_Problem to solve_:
The result should be all the records, exact and complete, without a single picture.

── Supplied entries

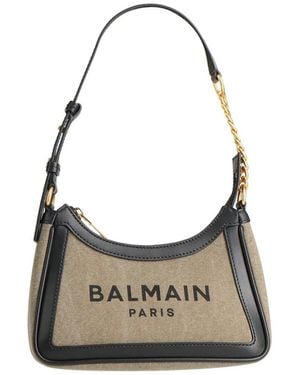 Balmain Bolso de hombro B Army - Gris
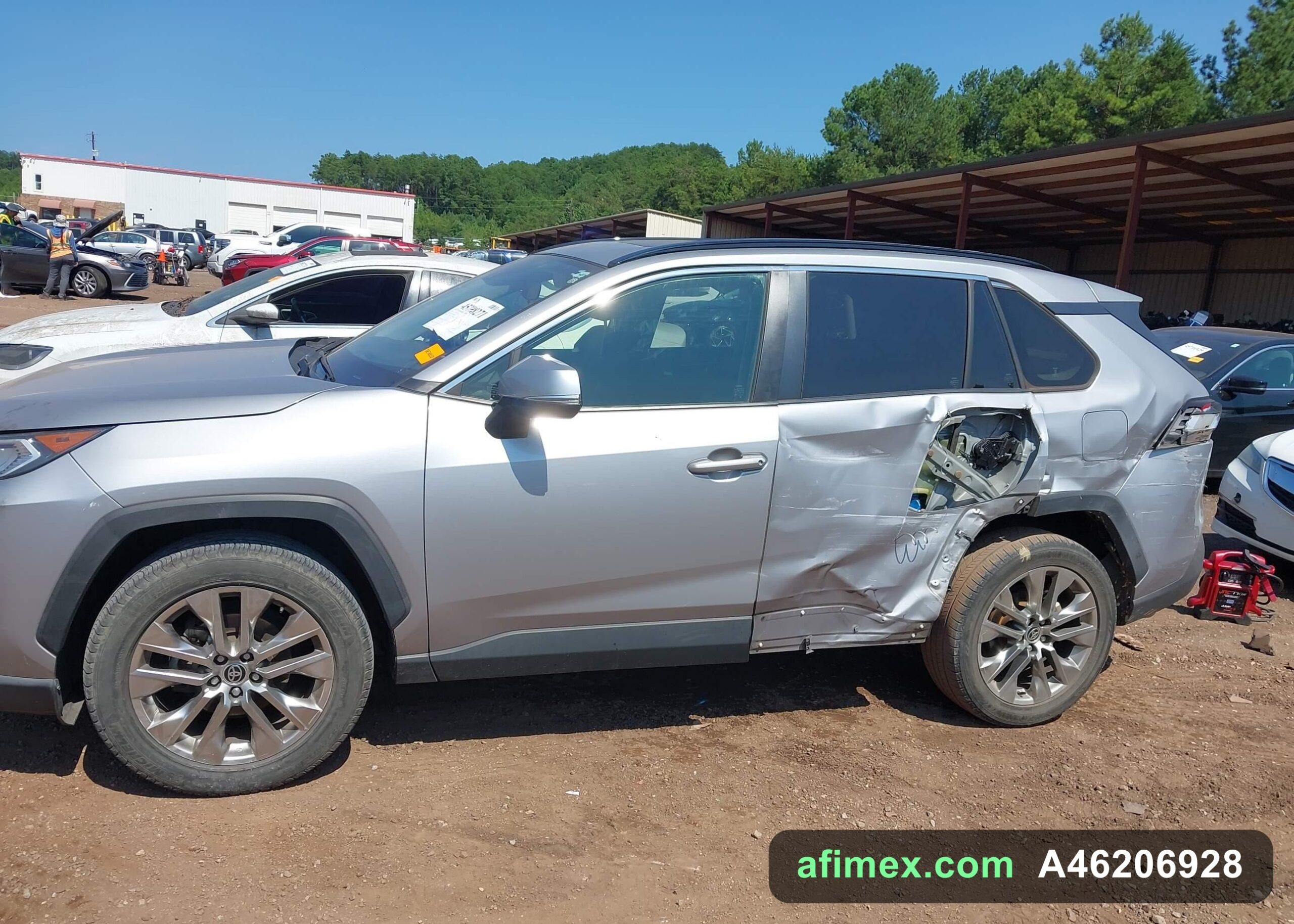 2020 Toyota RAV4 for sale in Mauritania - Ref A46206928, photo 14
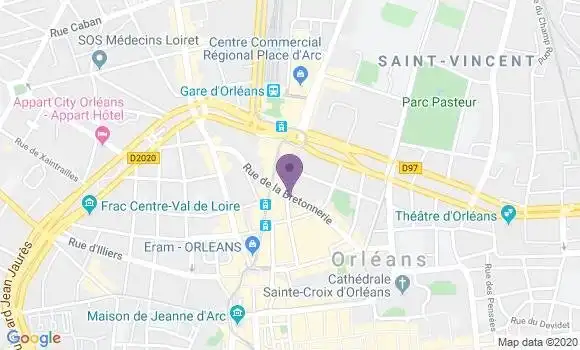 Localisation Mtre Dufour Bérengère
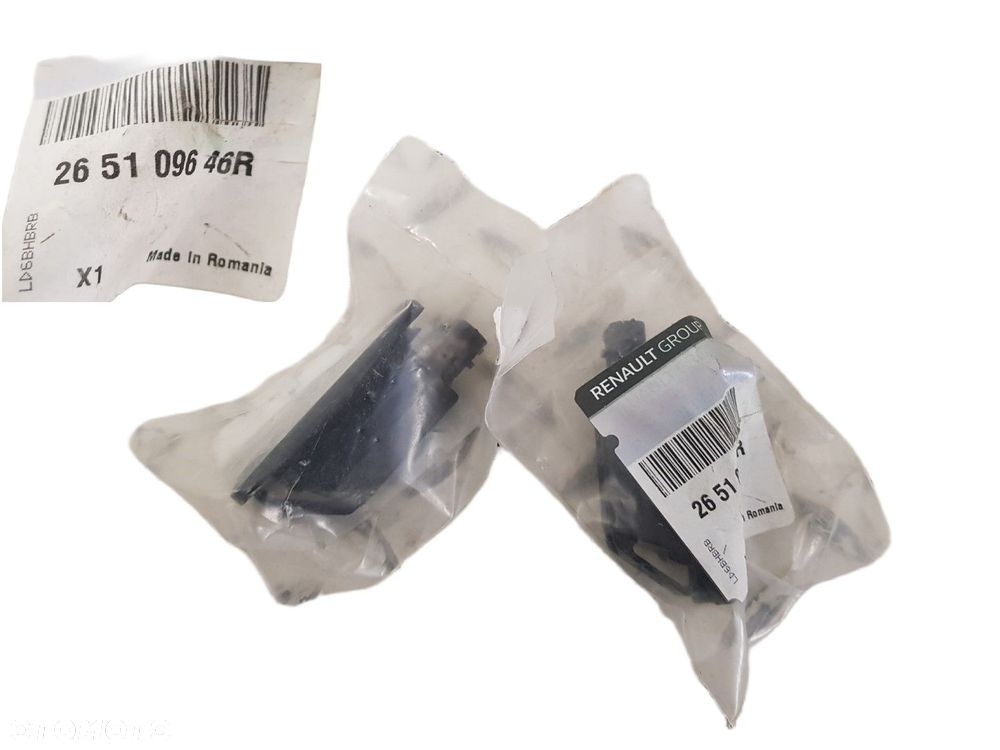 FABRYCZNIE NOWE ORYGINALNE OŚWIETLENIE 2x LAMPKA ZDERZAKA TYLNEGO RENAULT DACIA  265109646R - 1
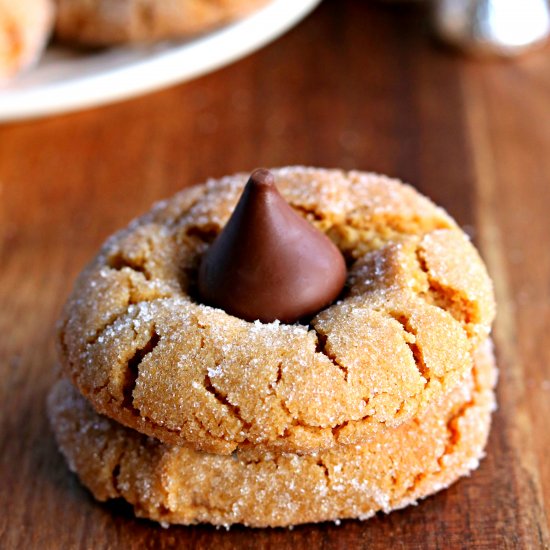 Gluten-Free Peanut Butter Blossoms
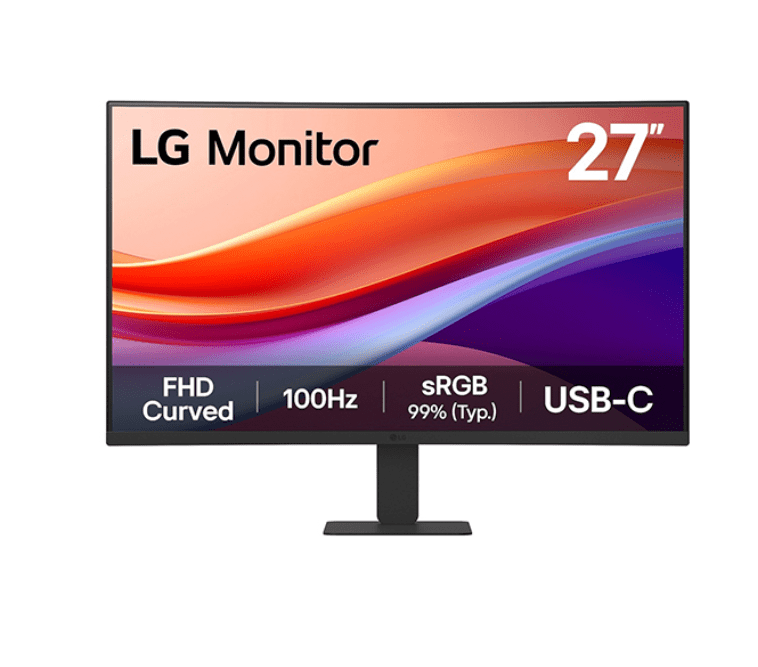 MONITOR LG 27 U4 ( 27U421A-B ) FHD CURVO 0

────

_The answer_:
 Balmain Bolso de hombro B Army - Gris
 2020 Toyota RAV4 for sale in Mauritania - Ref A46206928, photo 14
 Localisation Mtre Dufour Bérengère
 FABRYCZNIE NOWE ORYGINALNE OŚWIETLENIE 2x LAMPKA ZDERZAKA TYLNEGO RENAULT DACIA  265109646R - 1
 Gluten-Free Peanut Butter Blossoms
 MONITOR LG 27 U4 ( 27U421A-B ) FHD CURVO 0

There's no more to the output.